Auch das klingt jetzt nicht unbedingt schlimm. Es gibt aber durchaus Soziolog*innen, die davon ausgehen, dass die dauernde Thematisierung der eigenen Gefühle und Bedürfnisse viele Probleme erst erschafft, die sie eigentlich bekämpfen möchte. Dazu kommt, dass die Verantwortung für problematische Gefühle, worunter sicher auch die Eifersucht fällt, allein der fehlgeschlagenen Gefühlsarbeit des einzelnen Individuums zugerechnet wird, wodurch dieses beim Scheitern der Gefühlsarbeit Schuldgefühle entwickelt oder aber nur mehr Psychotherapie als Ausweg übrig bleibt.

Abschließend Ihre persönliche Meinung: Ist die jüngere Generation eifersüchtiger als die vorherigen und was ist der Grund?

Zwar ließe sich dies aus meinen Ergebnissen so ablesen, allerdings ist hier sehr viel plausibler, dass Eifersucht im Laufe des Lebens eine immer geringere Rolle spielt und das Alter somit ausschlaggebend für diesen Unterschied zwischen den Generationen ist. Ich persönlich glaube nicht, dass die jüngste Generation eifersüchtiger ist, auch wenn die möglichen Anlässe für Eifersucht mehr geworden sind.

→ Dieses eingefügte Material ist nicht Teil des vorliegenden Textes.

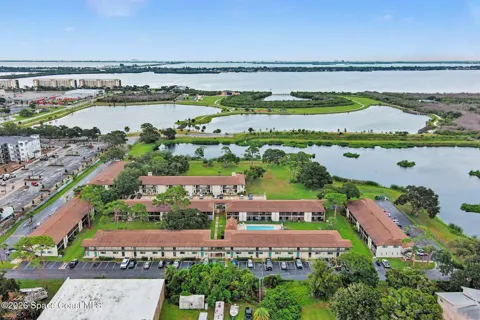 420 Catamaran Drive #99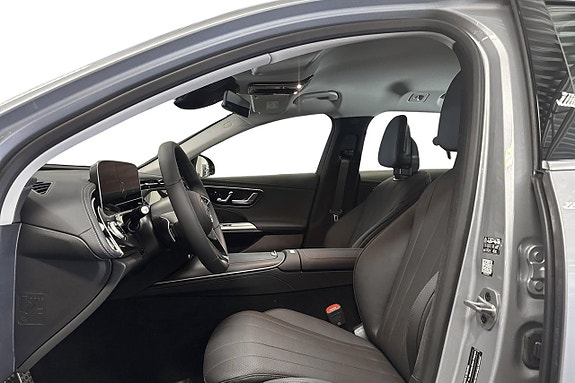 Mercedes-Benz E300 de 6 of 17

Ich könnte mir allerdings vorstellen, dass Eifersucht etwa im Vergleich zur „68er-Generation“ in Beziehungen wieder mehr erwünscht wird, was sich vereinzelt in den Interviews andeutet. Wird Eifersucht als Liebesbeweis verstanden, so ist sie ein Mittel, die bereits angesprochene Unsicherheit über den Fortbestand einer Beziehung zu beseitigen. Weil die iGeneration Eifersucht nicht mit Macht und Unterdrückung in Beziehung bringt, könnte sich hier eine Umdeutung dieser Emotion abzeichnen. Vielleicht sogar einer bewussten Provokation dieses Gefühl.

Frau Felder, ich danke Ihnen für das Interview.